An den Rätselaufgaben und Aktionsspielen könnte noch etwas gefeilt werden. Doch es ist zu sehen, dass in bester Rosenthal-Manier Schnelligkeit und Einfallsreichtum vor Promistatus stehen. Und das ist schön. Mit Sicherheit werden auch die nächsten Ausgaben weniger retro sein als diese erste Sendung, wo der Rückgriff auf Hans Rosenthal ein wenig zu oft bemüht wurde. Wohltuend war und ist auch heute jegliches Fehlen von Glitter und Glamour.
Ob das Publikum von heute das allerdings noch so goutiert? Neben »Germany’s Next Topmodel«, »Deutschland sucht den Superstar« und »Die perfekte Minute« ist »Dalli Dalli« eben Familienunterhaltung. Sitzen denn heute Vater, Mutter, Sohn und Tochter noch versammelt vor dem Fernseher und wollen ihr Allgemeinwissen testen?

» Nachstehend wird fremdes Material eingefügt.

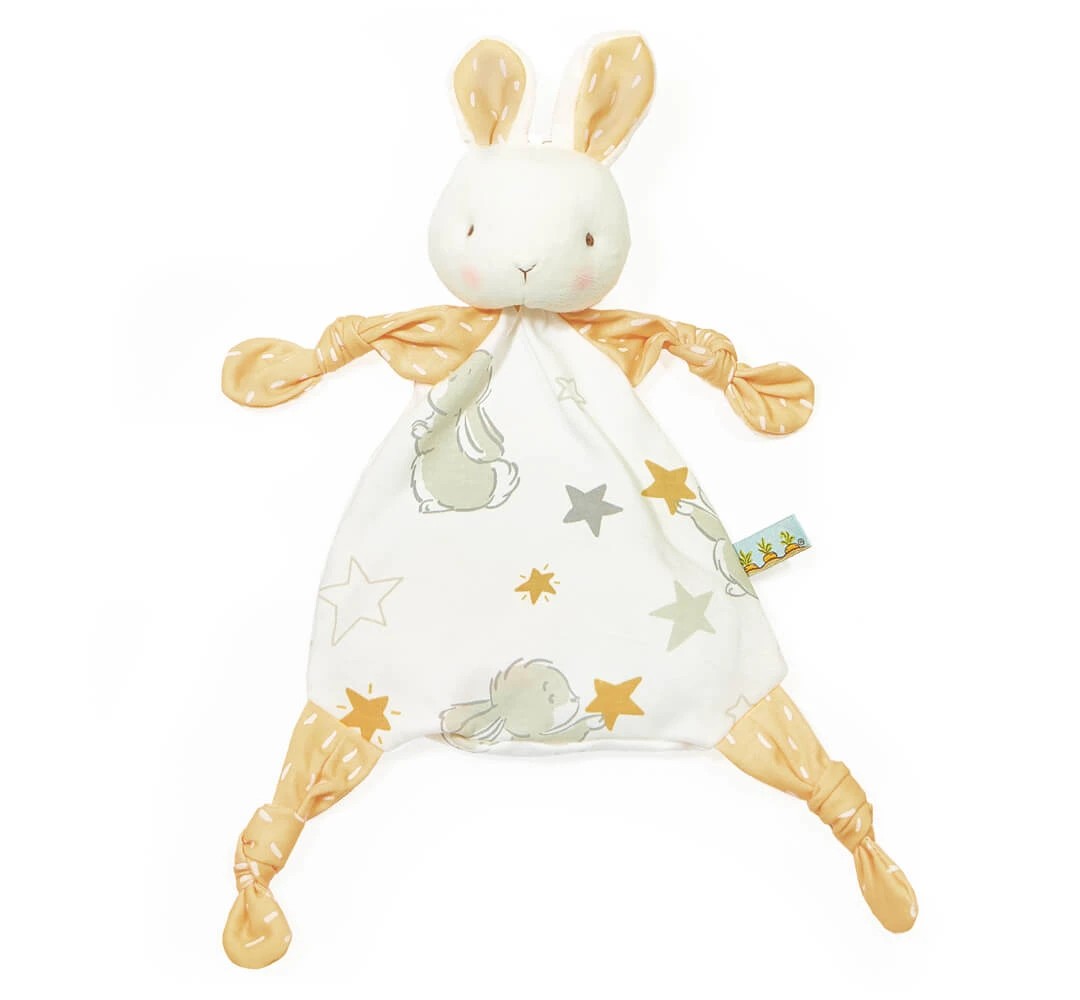1 Bunnies by the Bay - Little Star Bunny Knotty Friend - Teether - Nursery - Orange, 1 of 4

Möglicherweise zur Überbrückung zwischen Samstagskrimi und aktuellem Sportstudio. Aber warum soll es nicht auch gute, lockere und spaßige Unterhaltung für die 40- bis 65-Jährigen geben? Ein besserer Sendeplatz, an dem vielleicht auch Oma mitguckt, wäre »Dalli Dalli« schon zu gönnen. Also ab ins Erste und das dalli, dalli.